WORK TASK - From the line that holds "Ellis-Suites Nea Peramos" to the last line below, retype everything exactly and nothing else; omit pictures.

DATA FOR PROCESSING -

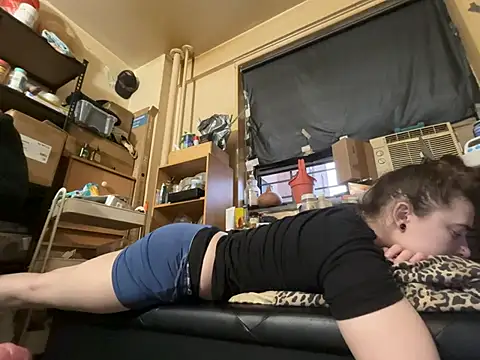 Czat XXX na żywo – Snowbunnycake_131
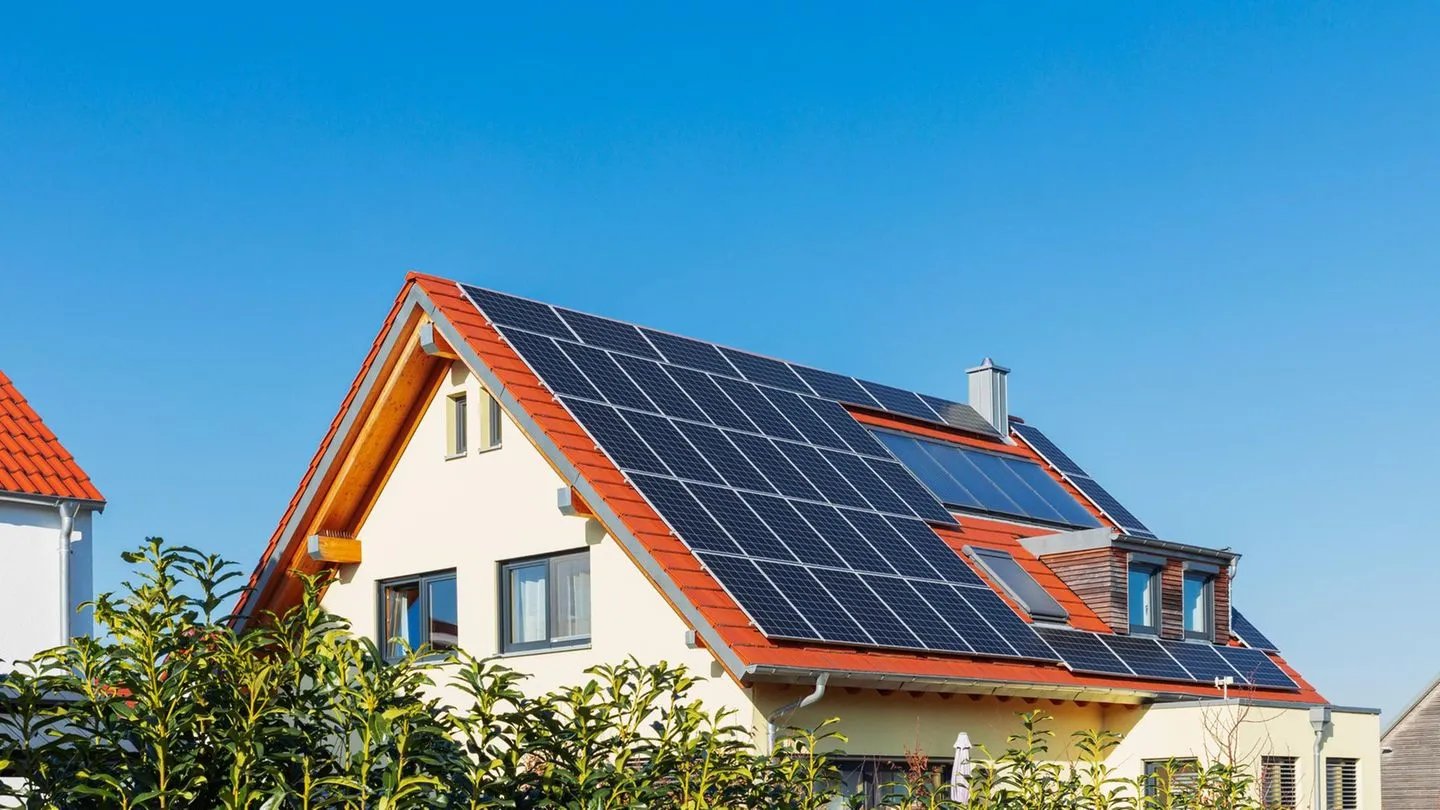 Notstrom mit Solaranlage: So bleibt Ihr Haus bei einem Stromausfall hell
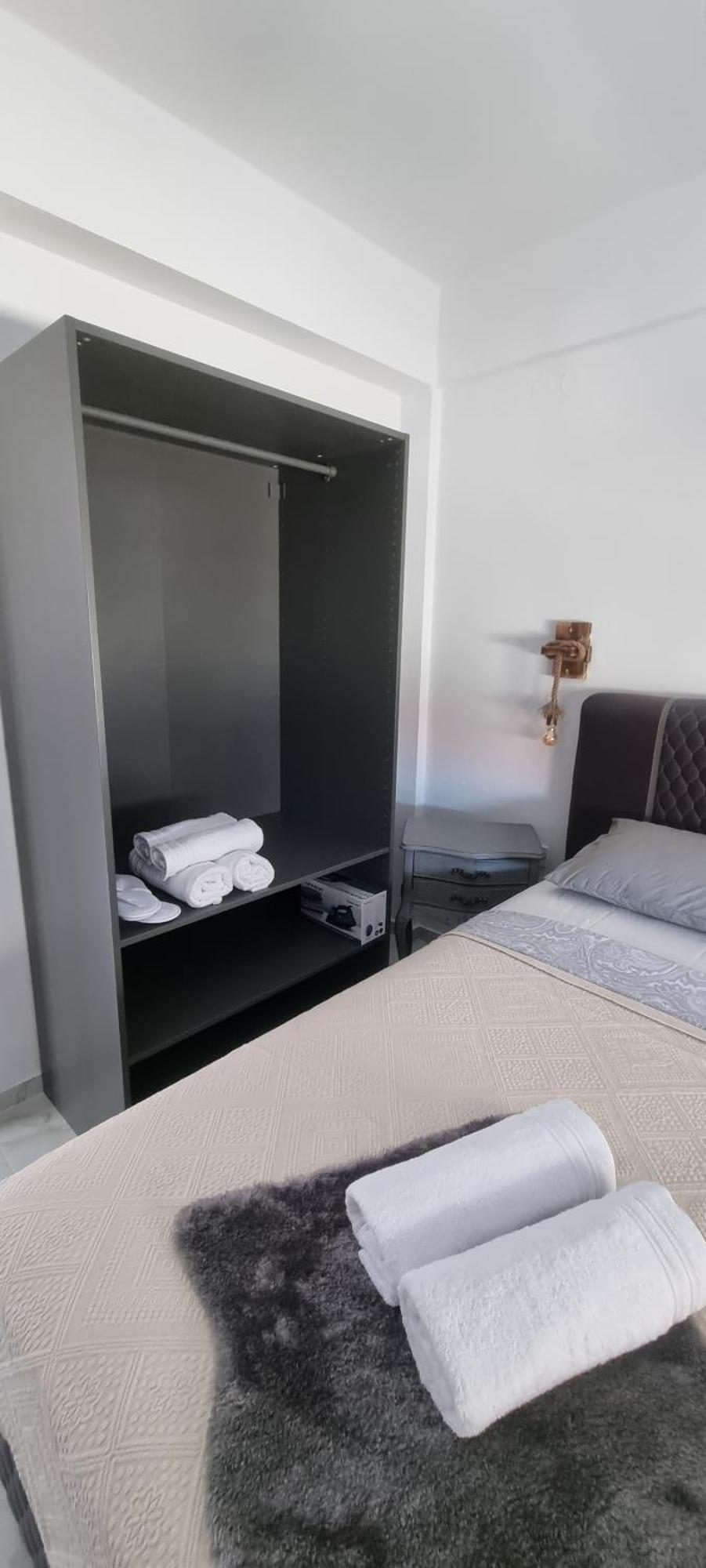 Ellis-Suites Nea Peramos Kavala Exterior foto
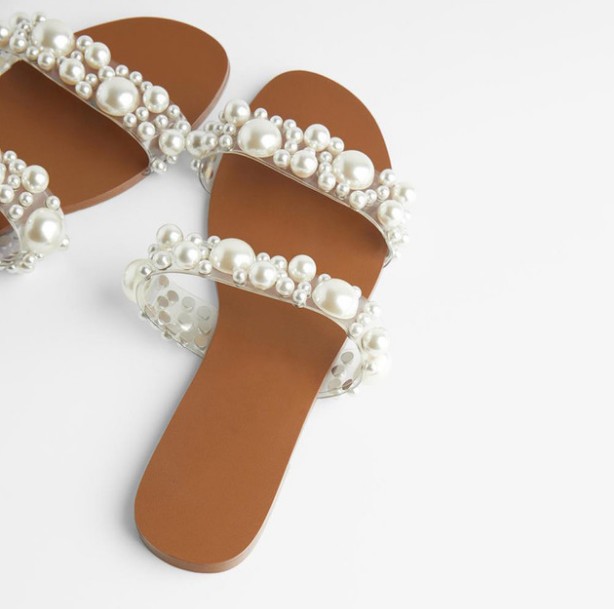 New transparent flat sandals with pearls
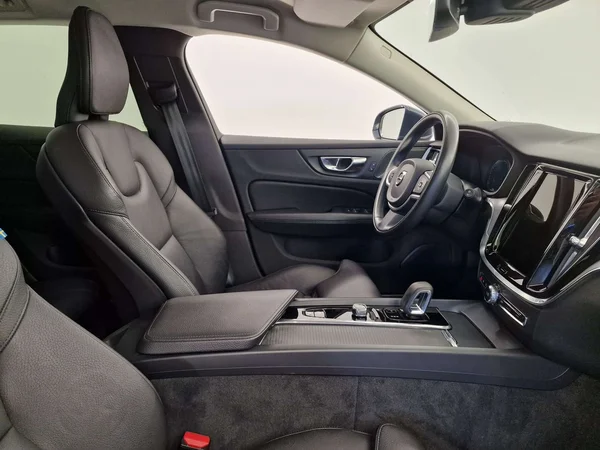 Volvo V60 (2022) — foto 14 van 17
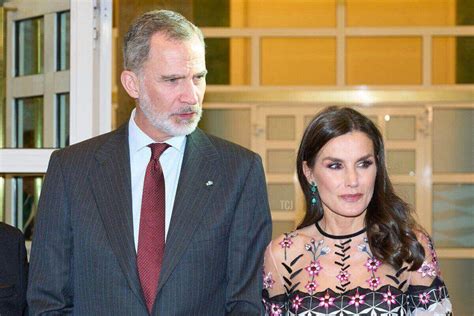 El Rey Felipe VI de España y la Reina Letizia responden oficialmente a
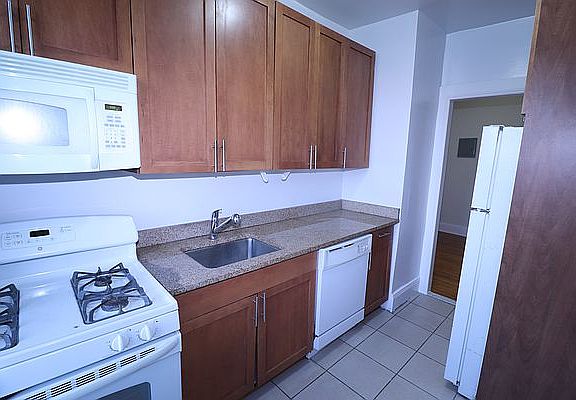 3rd image of 8602 Forest Pkwy APT 4B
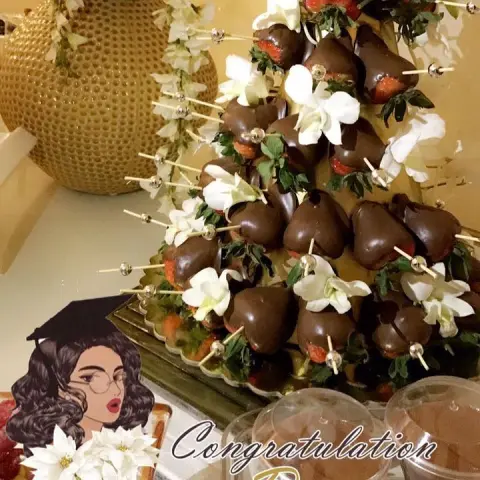 أنعِم بتين طاب طعماً، واكتسى حُسناً، وقاربَ منظراً من مَخبرِ في بَرد ثلج، في نَقا تبر، وفي ريح العبير، وطيب طعم السُكرِ يحكي إذا ما صفّ في أطباقه خِيماً، ضُرِبْنَ من الحرير الأحمرِ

WRITTEN SOLUTION -
 Ellis-Suites Nea Peramos Kavala Exterior foto
 New transparent flat sandals with pearls
 Volvo V60 (2022) — foto 14 van 17
 El Rey Felipe VI de España y la Reina Letizia responden oficialmente a
 3rd image of 8602 Forest Pkwy APT 4B
 أنعِم بتين طاب طعماً، واكتسى حُسناً، وقاربَ منظراً من مَخبرِ في بَرد ثلج، في نَقا تبر، وفي ريح العبير، وطيب طعم السُكرِ يحكي إذا ما صفّ في أطباقه خِيماً، ضُرِبْنَ من الحرير الأحمرِ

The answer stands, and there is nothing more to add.